RECORDED INFORMATION:

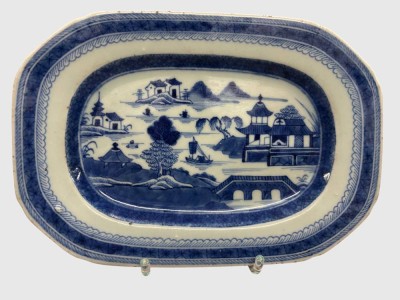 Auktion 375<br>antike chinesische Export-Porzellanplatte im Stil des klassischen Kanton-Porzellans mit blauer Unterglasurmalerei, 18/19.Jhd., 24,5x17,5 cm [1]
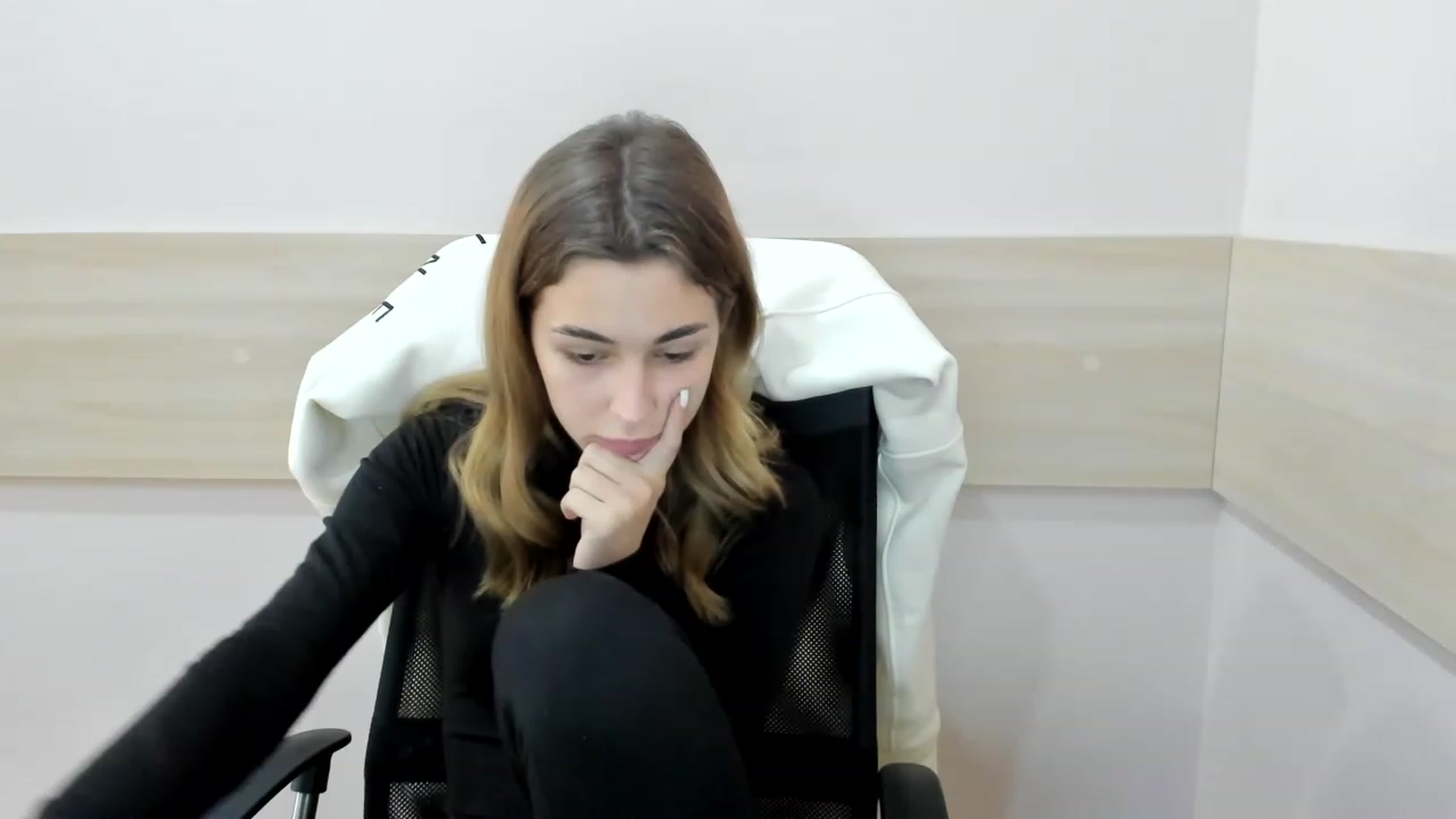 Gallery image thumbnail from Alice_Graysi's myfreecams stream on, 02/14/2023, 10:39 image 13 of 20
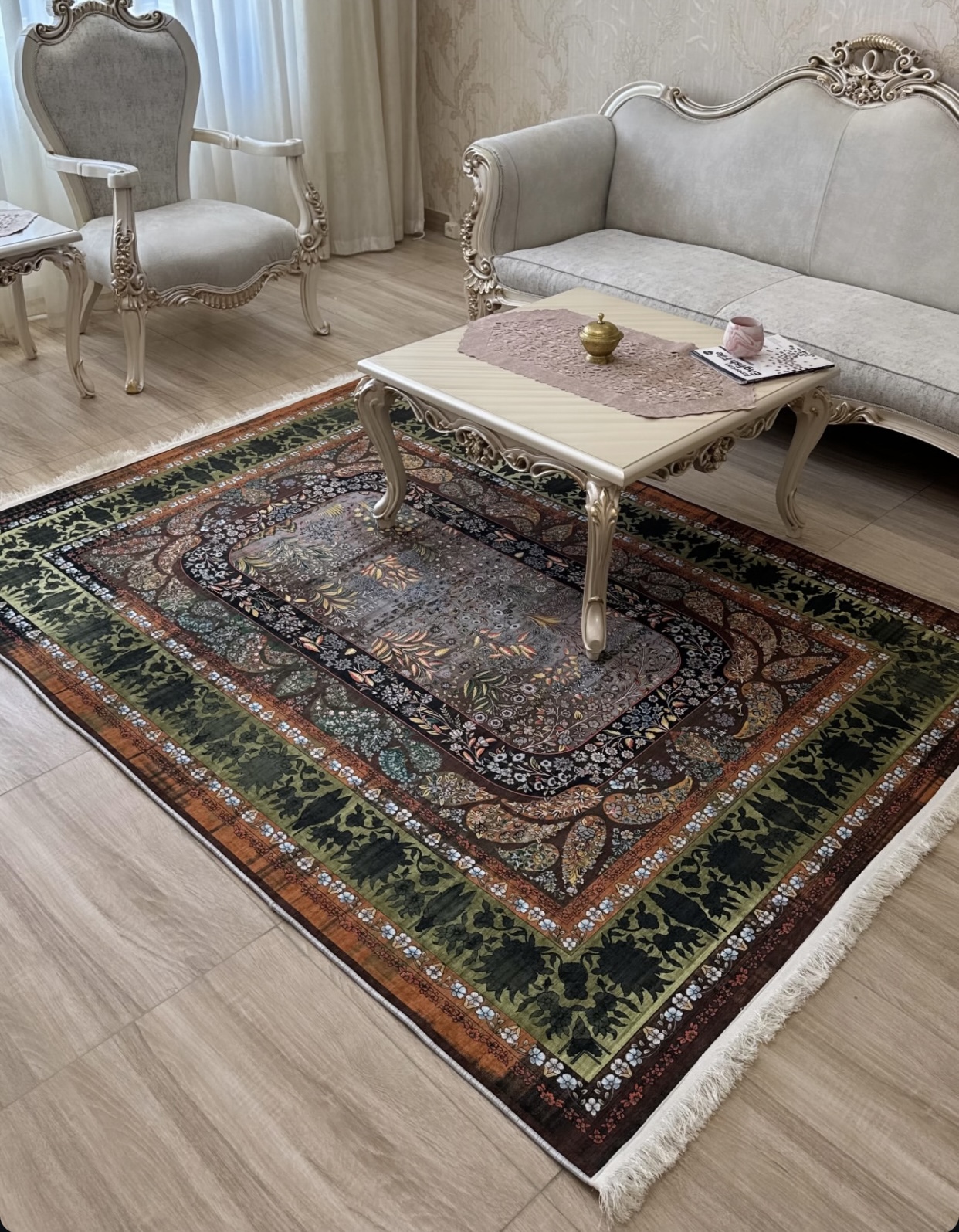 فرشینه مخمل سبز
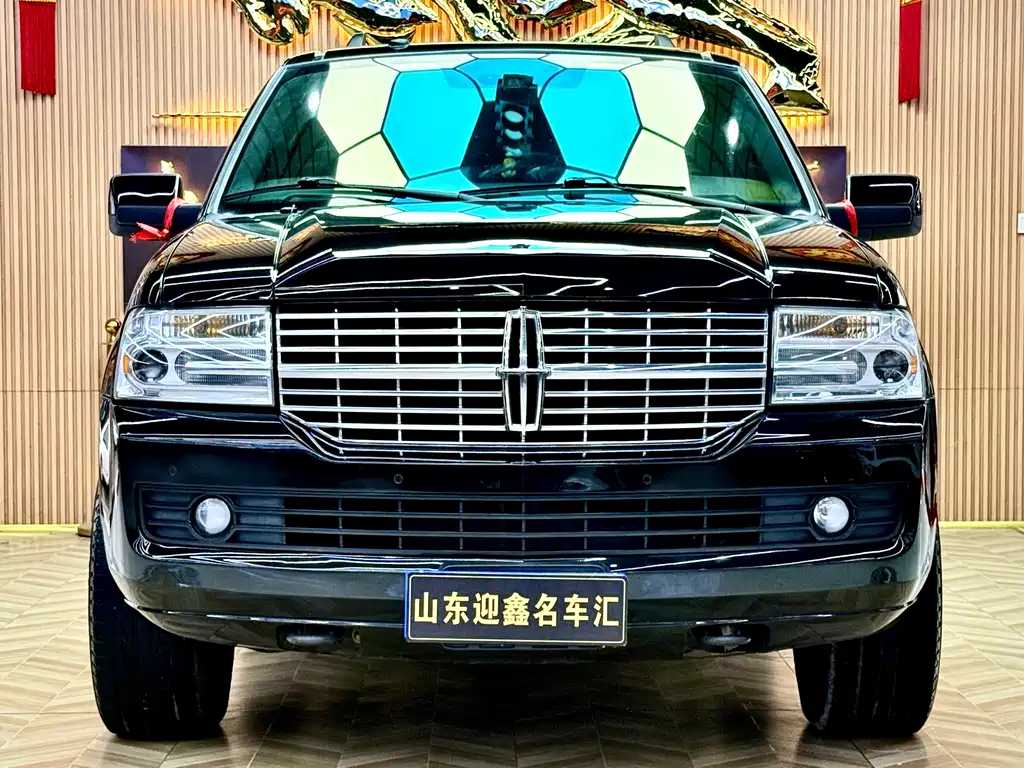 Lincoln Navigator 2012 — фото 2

WHAT IS NEEDED:
Without including any picture, set down every line above exactly as it stands.

OUTPUT BELOW:
 Auktion 375<br>antike chinesische Export-Porzellanplatte im Stil des klassischen Kanton-Porzellans mit blauer Unterglasurmalerei, 18/19.Jhd., 24,5x17,5 cm [1]
 Gallery image thumbnail from Alice_Graysi's myfreecams stream on, 02/14/2023, 10:39 image 13 of 20
 فرشینه مخمل سبز
 Lincoln Navigator 2012 — фото 2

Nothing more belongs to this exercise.